Moms we talked to said they were not concerned about water quality at splash pads.

"I don't have any concerns about what's in it," said the mother of a baby boy playing in the water.

"No, I've never even thought about that," said Tulsa mother Myra, who has five children who play in the splash pad at RiverParks.

We wanted to see how the water measures up, so we tested it ourselves. We used a standard OTO Test Kit to test the chlorine and PH levels, which showed the chlorine levels at RiverParks splash pad were over-chlorinated.

Over-chlorination will kill most disease-carrying bacteria, but it's still not good news for Myra, the mother of five.

"I have little small kids, you know. And some of my kids do have sensitive skin.
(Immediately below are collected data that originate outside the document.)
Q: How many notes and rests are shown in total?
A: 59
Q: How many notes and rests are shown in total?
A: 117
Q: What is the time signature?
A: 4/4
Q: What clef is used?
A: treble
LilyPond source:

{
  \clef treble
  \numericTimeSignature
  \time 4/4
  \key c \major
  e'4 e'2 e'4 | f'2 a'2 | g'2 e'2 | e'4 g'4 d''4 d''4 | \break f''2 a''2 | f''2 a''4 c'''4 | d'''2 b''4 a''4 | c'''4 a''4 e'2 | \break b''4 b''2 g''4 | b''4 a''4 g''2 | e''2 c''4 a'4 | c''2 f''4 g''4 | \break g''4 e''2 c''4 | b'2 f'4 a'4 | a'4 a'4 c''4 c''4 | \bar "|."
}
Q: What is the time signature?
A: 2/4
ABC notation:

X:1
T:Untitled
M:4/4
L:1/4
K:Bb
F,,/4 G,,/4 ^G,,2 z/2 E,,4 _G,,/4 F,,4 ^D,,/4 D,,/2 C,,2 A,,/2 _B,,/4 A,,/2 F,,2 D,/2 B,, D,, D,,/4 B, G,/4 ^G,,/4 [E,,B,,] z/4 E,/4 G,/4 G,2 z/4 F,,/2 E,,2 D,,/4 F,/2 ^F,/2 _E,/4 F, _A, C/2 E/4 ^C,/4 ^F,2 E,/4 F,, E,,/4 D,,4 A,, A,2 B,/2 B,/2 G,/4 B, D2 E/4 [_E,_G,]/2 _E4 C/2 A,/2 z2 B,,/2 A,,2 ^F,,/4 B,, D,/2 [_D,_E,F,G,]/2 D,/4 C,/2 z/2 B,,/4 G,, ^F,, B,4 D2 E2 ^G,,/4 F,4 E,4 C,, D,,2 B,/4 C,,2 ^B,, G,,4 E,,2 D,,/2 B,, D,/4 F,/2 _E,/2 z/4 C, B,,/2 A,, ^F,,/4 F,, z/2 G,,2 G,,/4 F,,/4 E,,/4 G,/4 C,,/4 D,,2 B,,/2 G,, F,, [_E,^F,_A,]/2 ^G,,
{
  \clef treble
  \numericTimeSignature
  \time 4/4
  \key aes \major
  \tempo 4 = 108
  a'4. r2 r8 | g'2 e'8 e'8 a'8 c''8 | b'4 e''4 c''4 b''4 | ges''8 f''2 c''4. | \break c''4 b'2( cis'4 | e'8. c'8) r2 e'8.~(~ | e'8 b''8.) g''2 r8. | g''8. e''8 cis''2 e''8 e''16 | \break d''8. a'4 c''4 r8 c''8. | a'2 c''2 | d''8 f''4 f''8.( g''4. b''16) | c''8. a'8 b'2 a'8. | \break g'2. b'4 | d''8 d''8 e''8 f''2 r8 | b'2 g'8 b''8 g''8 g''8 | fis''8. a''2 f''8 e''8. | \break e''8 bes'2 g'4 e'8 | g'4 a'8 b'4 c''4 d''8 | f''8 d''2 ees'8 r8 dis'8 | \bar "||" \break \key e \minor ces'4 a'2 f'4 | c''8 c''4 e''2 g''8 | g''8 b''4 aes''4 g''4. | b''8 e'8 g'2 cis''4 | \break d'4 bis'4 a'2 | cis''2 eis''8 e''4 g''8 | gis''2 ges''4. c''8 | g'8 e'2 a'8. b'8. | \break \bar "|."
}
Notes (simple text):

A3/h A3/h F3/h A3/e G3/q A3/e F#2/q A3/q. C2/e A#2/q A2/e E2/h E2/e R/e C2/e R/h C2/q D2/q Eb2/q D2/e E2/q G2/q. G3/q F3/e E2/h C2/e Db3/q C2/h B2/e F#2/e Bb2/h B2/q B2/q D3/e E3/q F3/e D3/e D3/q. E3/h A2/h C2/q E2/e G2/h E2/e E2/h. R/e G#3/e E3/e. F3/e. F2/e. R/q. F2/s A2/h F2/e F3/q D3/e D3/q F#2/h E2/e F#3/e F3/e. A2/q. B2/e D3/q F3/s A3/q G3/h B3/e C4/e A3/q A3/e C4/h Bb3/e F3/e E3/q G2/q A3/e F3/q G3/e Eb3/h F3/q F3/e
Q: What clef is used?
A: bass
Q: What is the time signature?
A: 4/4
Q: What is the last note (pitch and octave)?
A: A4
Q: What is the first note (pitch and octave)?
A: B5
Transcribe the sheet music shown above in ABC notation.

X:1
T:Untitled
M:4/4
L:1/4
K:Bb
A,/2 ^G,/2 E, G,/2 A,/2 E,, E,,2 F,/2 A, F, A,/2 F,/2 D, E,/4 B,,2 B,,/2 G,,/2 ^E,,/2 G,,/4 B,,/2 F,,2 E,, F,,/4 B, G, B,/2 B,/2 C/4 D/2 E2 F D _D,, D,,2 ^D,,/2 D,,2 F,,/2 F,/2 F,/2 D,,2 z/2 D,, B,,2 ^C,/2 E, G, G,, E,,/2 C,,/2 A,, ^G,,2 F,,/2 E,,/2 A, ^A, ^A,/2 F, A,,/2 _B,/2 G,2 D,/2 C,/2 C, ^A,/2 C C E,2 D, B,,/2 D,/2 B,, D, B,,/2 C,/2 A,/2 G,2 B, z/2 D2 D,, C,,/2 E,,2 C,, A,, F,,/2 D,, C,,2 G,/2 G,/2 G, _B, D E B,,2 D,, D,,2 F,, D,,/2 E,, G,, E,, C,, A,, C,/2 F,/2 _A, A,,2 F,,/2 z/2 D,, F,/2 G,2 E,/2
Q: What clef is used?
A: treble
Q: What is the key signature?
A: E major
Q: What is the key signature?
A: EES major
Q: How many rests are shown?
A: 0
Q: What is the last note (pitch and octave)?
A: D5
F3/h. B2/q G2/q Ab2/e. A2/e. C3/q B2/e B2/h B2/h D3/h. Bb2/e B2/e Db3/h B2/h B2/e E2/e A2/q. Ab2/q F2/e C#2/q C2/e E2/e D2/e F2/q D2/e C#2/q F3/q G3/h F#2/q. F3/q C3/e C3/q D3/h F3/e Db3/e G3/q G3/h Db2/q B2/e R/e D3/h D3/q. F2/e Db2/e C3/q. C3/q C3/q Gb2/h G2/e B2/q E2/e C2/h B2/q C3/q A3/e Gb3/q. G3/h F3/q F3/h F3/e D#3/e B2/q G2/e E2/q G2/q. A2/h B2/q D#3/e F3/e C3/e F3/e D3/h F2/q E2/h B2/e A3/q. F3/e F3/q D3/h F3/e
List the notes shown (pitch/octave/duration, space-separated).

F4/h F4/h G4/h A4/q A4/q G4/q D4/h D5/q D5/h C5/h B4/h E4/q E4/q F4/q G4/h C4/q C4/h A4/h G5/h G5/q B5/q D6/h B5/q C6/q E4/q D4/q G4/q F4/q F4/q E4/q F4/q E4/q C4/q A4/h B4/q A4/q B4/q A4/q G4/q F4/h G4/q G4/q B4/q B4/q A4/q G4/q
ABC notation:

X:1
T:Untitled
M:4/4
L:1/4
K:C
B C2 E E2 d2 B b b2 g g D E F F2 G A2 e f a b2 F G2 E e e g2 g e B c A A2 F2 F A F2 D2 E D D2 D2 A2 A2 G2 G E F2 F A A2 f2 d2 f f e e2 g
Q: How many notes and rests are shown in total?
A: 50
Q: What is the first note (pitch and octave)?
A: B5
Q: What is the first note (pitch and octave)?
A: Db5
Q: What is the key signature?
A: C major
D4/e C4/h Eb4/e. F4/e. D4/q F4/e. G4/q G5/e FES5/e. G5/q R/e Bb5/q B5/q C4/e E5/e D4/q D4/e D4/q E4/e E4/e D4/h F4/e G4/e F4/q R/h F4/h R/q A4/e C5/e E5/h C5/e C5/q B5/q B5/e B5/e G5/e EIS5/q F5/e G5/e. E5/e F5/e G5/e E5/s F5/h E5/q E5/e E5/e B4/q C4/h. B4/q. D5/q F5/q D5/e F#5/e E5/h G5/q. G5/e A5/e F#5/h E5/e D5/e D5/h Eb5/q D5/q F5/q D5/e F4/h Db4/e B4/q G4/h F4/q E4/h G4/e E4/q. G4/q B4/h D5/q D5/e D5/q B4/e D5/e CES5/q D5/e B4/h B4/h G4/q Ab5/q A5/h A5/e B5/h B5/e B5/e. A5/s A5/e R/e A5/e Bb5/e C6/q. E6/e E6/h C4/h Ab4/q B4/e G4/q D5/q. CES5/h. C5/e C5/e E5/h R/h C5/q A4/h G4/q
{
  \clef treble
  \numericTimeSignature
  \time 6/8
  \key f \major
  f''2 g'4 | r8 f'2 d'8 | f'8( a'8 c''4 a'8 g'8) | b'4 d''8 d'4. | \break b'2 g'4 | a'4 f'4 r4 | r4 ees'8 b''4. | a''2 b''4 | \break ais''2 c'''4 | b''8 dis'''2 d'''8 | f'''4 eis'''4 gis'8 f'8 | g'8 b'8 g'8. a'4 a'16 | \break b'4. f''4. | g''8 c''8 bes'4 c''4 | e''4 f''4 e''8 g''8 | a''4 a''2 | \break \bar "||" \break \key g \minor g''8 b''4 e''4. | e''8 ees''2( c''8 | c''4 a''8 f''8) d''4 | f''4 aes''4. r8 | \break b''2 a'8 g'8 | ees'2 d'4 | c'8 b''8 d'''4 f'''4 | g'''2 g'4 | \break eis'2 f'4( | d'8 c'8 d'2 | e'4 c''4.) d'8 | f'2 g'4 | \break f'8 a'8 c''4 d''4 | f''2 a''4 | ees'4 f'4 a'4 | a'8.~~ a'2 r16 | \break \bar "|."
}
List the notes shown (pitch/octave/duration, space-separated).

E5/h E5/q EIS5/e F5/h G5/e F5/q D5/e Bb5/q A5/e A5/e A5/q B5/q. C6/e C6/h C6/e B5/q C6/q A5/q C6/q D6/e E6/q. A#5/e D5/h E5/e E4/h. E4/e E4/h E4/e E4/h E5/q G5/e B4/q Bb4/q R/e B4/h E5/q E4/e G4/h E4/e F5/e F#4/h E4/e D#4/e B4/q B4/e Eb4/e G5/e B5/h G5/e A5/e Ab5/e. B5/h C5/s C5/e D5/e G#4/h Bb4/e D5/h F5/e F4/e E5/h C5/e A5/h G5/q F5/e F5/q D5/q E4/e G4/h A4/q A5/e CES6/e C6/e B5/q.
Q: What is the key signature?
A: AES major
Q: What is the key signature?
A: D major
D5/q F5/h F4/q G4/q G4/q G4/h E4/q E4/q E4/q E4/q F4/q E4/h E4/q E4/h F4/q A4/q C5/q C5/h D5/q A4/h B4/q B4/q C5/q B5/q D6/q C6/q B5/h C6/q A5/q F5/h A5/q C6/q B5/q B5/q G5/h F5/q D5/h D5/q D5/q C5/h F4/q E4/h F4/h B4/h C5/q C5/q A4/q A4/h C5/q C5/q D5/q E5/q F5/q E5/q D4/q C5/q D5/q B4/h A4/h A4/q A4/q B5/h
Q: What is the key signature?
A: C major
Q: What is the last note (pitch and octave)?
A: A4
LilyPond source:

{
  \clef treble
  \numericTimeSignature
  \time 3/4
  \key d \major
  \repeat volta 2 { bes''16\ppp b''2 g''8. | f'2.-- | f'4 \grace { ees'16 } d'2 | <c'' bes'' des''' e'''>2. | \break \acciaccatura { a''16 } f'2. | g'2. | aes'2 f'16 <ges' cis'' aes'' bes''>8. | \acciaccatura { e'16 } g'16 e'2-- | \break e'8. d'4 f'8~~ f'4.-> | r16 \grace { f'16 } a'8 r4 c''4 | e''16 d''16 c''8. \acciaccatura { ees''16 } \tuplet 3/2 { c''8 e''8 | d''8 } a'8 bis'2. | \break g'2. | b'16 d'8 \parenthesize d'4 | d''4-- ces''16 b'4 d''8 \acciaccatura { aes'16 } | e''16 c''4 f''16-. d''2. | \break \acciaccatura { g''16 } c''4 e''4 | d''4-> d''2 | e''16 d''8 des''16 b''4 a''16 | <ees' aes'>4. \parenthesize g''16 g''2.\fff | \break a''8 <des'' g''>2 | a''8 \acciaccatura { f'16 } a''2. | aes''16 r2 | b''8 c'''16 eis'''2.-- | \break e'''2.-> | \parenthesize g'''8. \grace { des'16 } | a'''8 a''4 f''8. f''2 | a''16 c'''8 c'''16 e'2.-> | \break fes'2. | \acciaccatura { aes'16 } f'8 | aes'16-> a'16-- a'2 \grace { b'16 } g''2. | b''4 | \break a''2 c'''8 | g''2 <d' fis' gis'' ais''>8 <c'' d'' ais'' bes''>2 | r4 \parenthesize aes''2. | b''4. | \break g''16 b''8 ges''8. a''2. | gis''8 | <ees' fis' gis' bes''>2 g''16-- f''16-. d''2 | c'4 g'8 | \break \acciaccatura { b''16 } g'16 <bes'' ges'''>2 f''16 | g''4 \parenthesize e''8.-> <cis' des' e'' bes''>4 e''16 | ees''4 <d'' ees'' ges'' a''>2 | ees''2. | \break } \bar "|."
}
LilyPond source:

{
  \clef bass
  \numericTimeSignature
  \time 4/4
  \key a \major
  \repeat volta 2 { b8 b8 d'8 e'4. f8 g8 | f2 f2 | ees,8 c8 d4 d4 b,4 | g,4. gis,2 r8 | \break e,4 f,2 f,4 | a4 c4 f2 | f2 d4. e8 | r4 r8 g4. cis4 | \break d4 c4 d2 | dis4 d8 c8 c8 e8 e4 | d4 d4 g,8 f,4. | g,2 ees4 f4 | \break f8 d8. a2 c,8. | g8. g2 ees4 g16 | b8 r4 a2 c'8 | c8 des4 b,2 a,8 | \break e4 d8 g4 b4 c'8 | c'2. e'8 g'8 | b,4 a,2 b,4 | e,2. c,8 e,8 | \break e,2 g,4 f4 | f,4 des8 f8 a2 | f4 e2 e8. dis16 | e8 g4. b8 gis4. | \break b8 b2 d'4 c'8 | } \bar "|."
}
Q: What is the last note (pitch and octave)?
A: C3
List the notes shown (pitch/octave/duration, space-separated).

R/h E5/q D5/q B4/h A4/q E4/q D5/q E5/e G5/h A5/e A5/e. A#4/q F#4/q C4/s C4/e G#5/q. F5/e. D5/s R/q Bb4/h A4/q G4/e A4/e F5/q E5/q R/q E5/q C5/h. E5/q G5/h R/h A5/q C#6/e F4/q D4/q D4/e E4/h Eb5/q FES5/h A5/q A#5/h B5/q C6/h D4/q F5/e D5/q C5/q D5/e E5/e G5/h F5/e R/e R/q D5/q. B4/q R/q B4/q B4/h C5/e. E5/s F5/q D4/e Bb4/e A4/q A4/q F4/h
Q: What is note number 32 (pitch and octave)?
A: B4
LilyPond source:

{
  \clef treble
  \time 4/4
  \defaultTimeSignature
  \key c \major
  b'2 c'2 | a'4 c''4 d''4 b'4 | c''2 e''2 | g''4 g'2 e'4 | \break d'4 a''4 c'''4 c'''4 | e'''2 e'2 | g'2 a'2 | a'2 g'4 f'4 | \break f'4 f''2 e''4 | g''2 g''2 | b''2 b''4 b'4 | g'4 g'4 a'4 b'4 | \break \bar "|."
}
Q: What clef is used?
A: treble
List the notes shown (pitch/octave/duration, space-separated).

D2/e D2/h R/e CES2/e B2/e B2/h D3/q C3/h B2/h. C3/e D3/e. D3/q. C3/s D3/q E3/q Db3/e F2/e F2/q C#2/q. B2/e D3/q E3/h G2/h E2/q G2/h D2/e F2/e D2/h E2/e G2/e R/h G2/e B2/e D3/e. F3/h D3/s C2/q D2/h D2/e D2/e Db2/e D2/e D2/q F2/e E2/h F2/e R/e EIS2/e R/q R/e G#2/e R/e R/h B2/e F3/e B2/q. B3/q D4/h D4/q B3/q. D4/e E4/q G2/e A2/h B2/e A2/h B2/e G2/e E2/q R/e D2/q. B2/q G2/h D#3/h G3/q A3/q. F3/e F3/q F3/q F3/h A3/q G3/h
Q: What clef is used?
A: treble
So, you know, I'll be I'll think about that more," she said.

In fact over-chlorination can cause serious burns. Sara Gadd's children were among 17 kids burned by chlorine at the Liberty Park splash pad in Sapulpa last year. Her two-year-old daughter suffered the worst injuries.

"It looked like very deep sores. They were bleeding," said Gadd. "They were very red, and she could barely walk."

That splash pad, like many recirculating splash pads, is run by an automated system that broke.

But what else could be in splash pad water? We asked TU biology professor Marsha Howard to find out. Howard and a team of students took several water samples from two of Tulsa's most popular splash pads: the one at Riverparks and the small splash pad at Guthrie Green downtown.

The team took its samples to the lab to look for disease-causing bacteria like E. coli, parasites and even traces of deadly amoebas.

At 41st and Riverside, where we found high levels of chlorine, professors say the tests found no bacteria.

At Guthrie Green, where the splash pad uses a UV filter, professors say the tests revealed the water was contaminated with significant amounts of bacteria. While their tests showed it was not the kind that causes disease, professors say it too could survive in the water taken from the park.

We alerted Guthrie Green managers who immediately shut down the fountain, and had maintenance workers shock the automated system with chlorine.

In a statement, managers said, "Guthrie Green follows best practices for splash pad sanitation, using UV and chlorine for water quality. In addition, we scrub the deck with chlorine solution.  We have water quality experts test our fountains several times a week, and the results have always shown that the water is safe. We are increasing frequency of water testing and remain committed to continuing to provide a safe environment for visitors."

But without regulations, some say it's only a matter of time before an Oklahoma splash pad causes an outbreak.

Parents should also avoid any warm stagnant water on or around splash pads as that's where amoebas, some of them deadly, can live.